Sunday 22 January 2023

O relacjach i dwóch pokoleniach

Właściwie to się pomyliłam. Weekend zakończył się ciężką grypą Isy, a nie ostatnim odcinkiem serialu. Wróciła w południe, dygocząca położyła do łóżka i spała do 18, obudziła się w jeszcze gorszym stanie, no i wtedy to poszłam do apteki po cudowny środek na grypę, na receptę, tylko dzięki temu, że mam siostrę aptekarę.

W poniedziałek nie poszła do szkoły, we wtorek też nie, w  środę już była gotowa, ale jeszcze nie poszła. 

A weekend to dzień babci i dziadka, więc się wybraliśmy wszyscy do Wiślicy. Miałam taki plan przedni, żeby kupić im po poduszce z napisami, bo babcia się wkurza, że dziadek zabiera jej poduszkę, a tak będa mieć swoje własne prywatne, nie do podziału. Niestety dałam się oszukać empikowi, który powiedział, że ma takie ładne poduszki, ale nie powiedział, ze w Kielcach nie ma. Więc zamiast godziny w sobotni poranek, straciłam 3 godziny w centrum handlowym, a i tak wyszłam bez głównego prezentu dla babci. Całe szczęście, Kasia zabrała Isę w piątek, a ja z Leonem na angielski, znów  w sobotę, bo się przyucza do testu Cambridge, dlatego jeszcze mogłam trochę po sklepie pobuszować. Znów nic nie mogłam znaleźć, co by mnie zadowoliło. Babcia taka wybredna, ale ja też mam taką wadę, że patrzę, myślę sobie, eee, a po co im to, nie potrzebują. 

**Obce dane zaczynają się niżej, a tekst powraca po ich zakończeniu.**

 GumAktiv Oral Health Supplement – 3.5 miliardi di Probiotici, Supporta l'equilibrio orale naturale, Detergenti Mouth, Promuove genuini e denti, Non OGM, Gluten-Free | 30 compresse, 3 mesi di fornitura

Może i potrzebują, tylko ja nie potrzebuję i zakładam od razu, więc nie dostają. Trzeba sobie mindset zmienić. 

Dalej. Półtorej godziny łaziłam po kolejnym centrum handlowym, aż weszłam sobie do poczciwego sklepu spożywczego z sieciówki, a tam znalazłam skarb, garnek z kogutem. Urszula kocha garnki. Tak to zazwyczaj wygląda, że przyjeżdżam, robię rewizję, ooo, nowy garnek, mówię, a po co ci nowy garnek, pytam. A co? Nie mogę? Potrzebowałam. To tak a propos mojego przekonania, że ludzie nie potrzebują, tak jak ja. 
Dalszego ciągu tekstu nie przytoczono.